Calling Attention procedure in actual practice

A member who intends to call the attention of a Minister to a matter of urgent public importance has to give notice thereof in writing in the prescribed form available in the Notice Office.  All notices received from members up to 10.30 a.m. are placed before the Chairman everyday for his consideration by the Secretary-General.  The Chairman decides the admissibility of the Calling Attention notice.  The concerned Minister and the members in whose name the Calling Attention notice is admitted are informed accordingly.

An item of the admitted Calling Attention is included in the list of business in the names of all those members whose notices on that subject are alive and the inter se priority of members is determined according to the time of receipt of all those notices.
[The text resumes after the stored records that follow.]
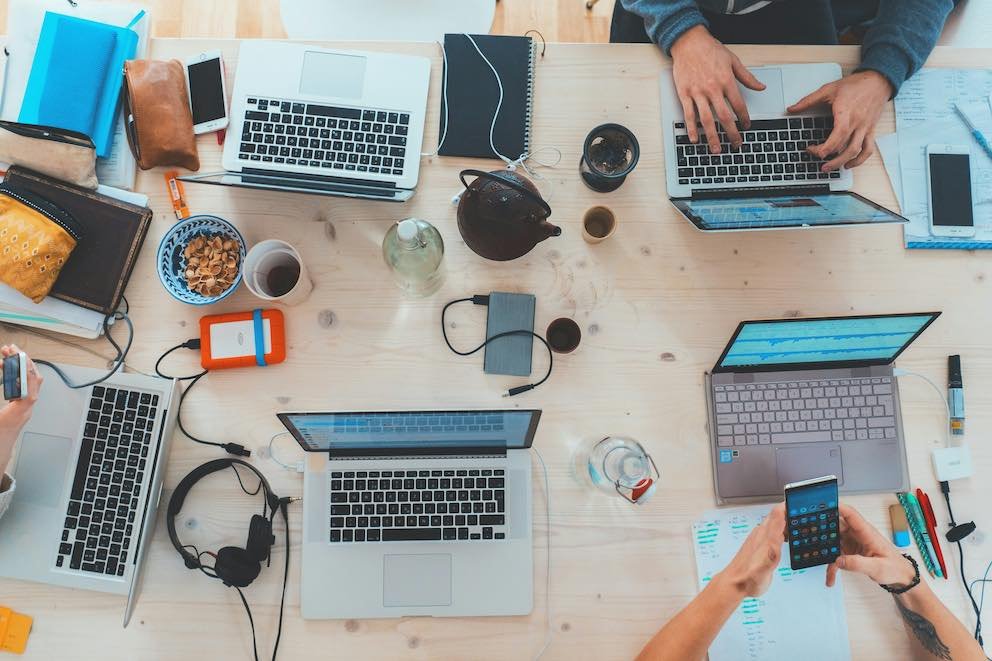 How to Develop Your Personal Brand as a Software Professional 4 Social Media Engagement for Personal Brand Building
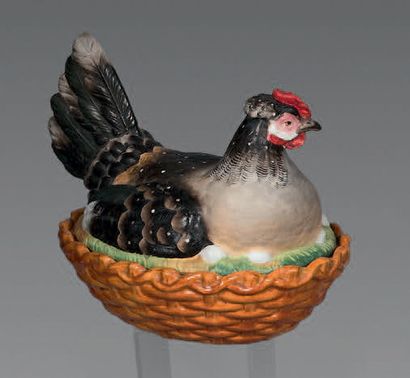 Important egg dish, the upper part in polychrome...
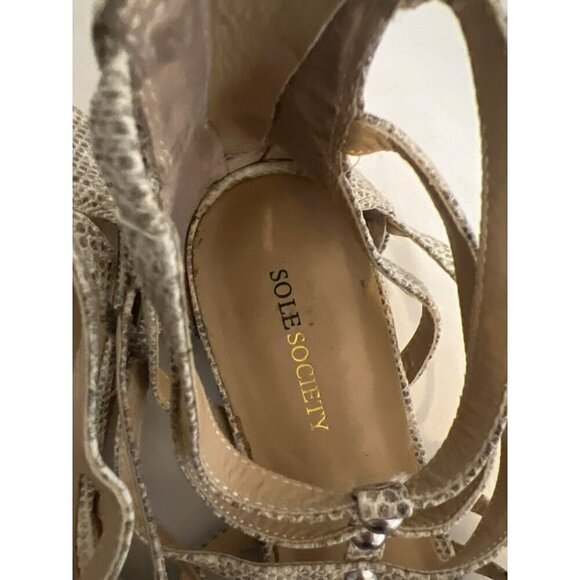 Sole Society Hally Snake Print Studded Flat Sandals Sz 8.5B - Picture 7 of 8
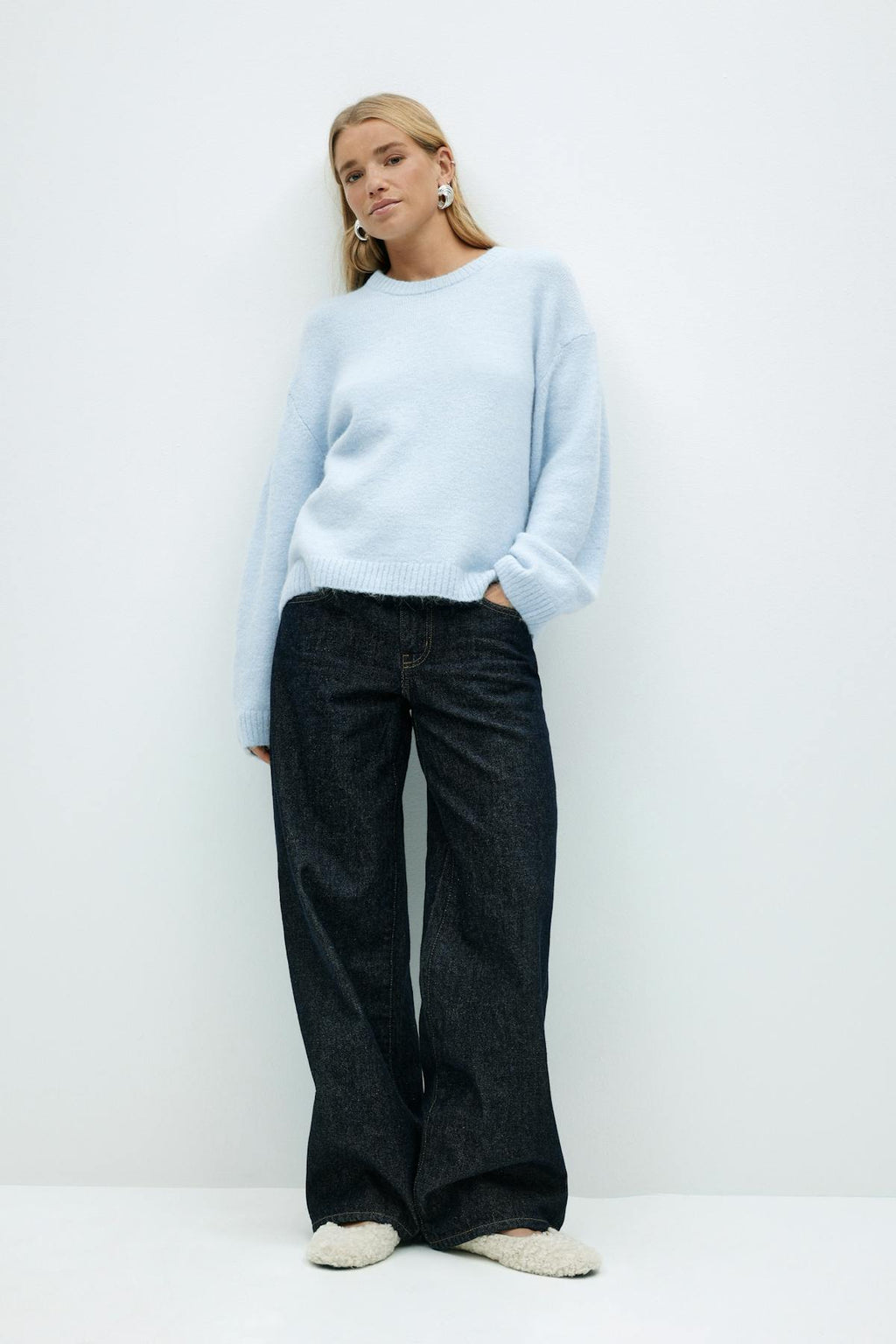 Crew neck knitted sweater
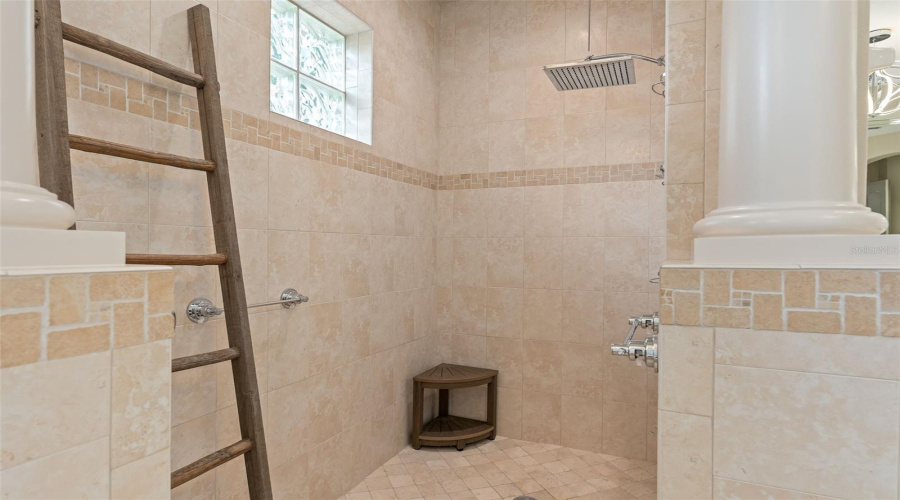 DAVENPORT, Florida 33837, 4 Bedrooms Bedrooms, ,4 BathroomsBathrooms,Residential,For Sale,CALLAWAY,0,MFRS5124540
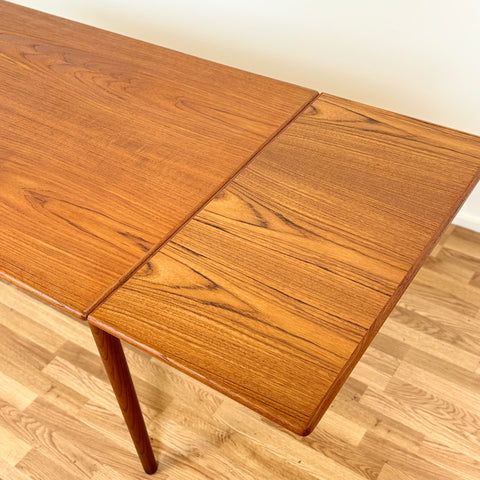 Dining table in teak, 1950s-60s, Denmark - Beyo Vintage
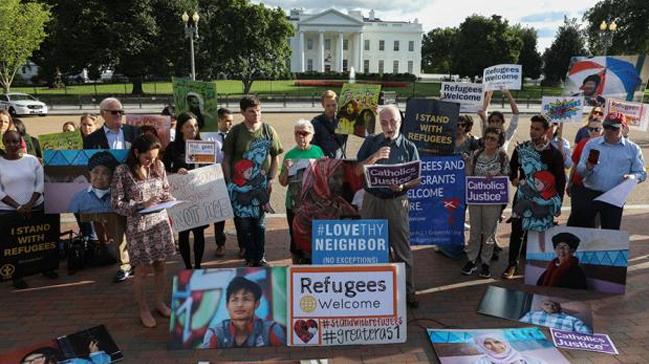 Beyaz Saray nnde Trump'n mlteci azaltma kararna tepki gsterdiler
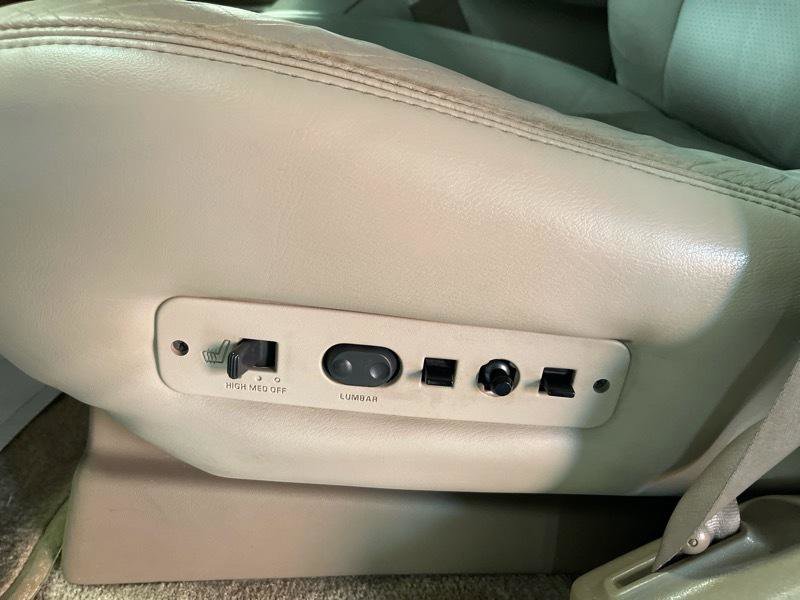 Used 1999 Cadillac Escalade 4WD image 27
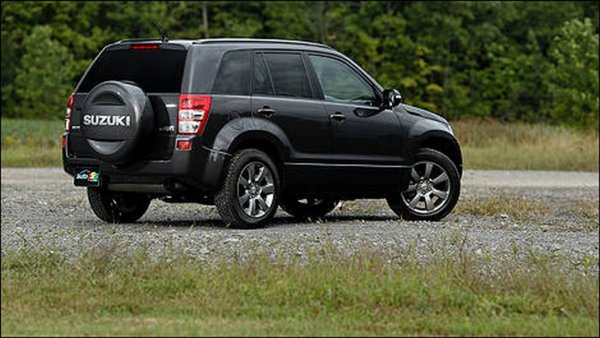 1.9-литровият дизел идва от Renault и е относително надежден като за дизел, но все пак бихме препоръчали повече бензиновия атмосферен двигател с обем 2.0 литра. Той спокойно изкарва до 400,000 км, а и е доста ремонтопригоден. Слаби места са водната помпа и ангренажната верига, които за такъв пробег ще трябва да смените поне два пъти. Има известна склонност и към повишена консумация на масло, която нараства с възрастта. И механичната трансмисия, и двата автомата с хидротрансформатор са простички като конструкция и издръжливи, особено ако им сменяте маслото. Повече проблеми създава по-мощният 2.5-литров бензинов мотор. 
It is not necessary for the Chairman to admit Calling Attention notice for every sitting of the House.  Admission of notice is subject to the rules and ultimately to the decision of the Chairman that the matter sought to be raised does call for an early statement from the Minister.

Generally, the ‘Calling Attention’ is taken up immediately after the Question Hour and laying of papers, if any, but sometimes the Calling Attention may be taken up later in the day, subject to the direction of the Chair and the consensus arrived at in the House.

The member whose name is first in the list of business rises in his seat when called upon and calls the attention of the Minister by reading out the item from the list of business.  At that time he does not make any statement.

 

 

Thereafter, the Minister makes a statement in response to the Calling Attention.  Copies of the proposed statement of the Minister are made available to members just before the Minister commences his statement.  Under the rules, no debate is permitted on such statement at the time it is made.  However, members are permitted to seek clarifications on the statement.  For this purpose, the Chairman calls members party-wise i.e., one member from each party/group.  In other words, members are not called in the order in which their names appear in the list of business.  It is also not obligatory on the Chairman to call all those whose names appear in the list of business.  After the members to whom the Chairman has permitted have sought clarifications, the Minister replies.

Ordinarily, the Calling Attention is concluded before lunch-break, but there have been occasions in the past when the discussion on a Calling Attention had gone beyond lunch-break or took the whole day or even next day depending on the importance of the subject and desire of the House.  There were occasions also in the past when after a Minister had made a statement, members were permitted to seek clarifications thereon the next or the subsequent day.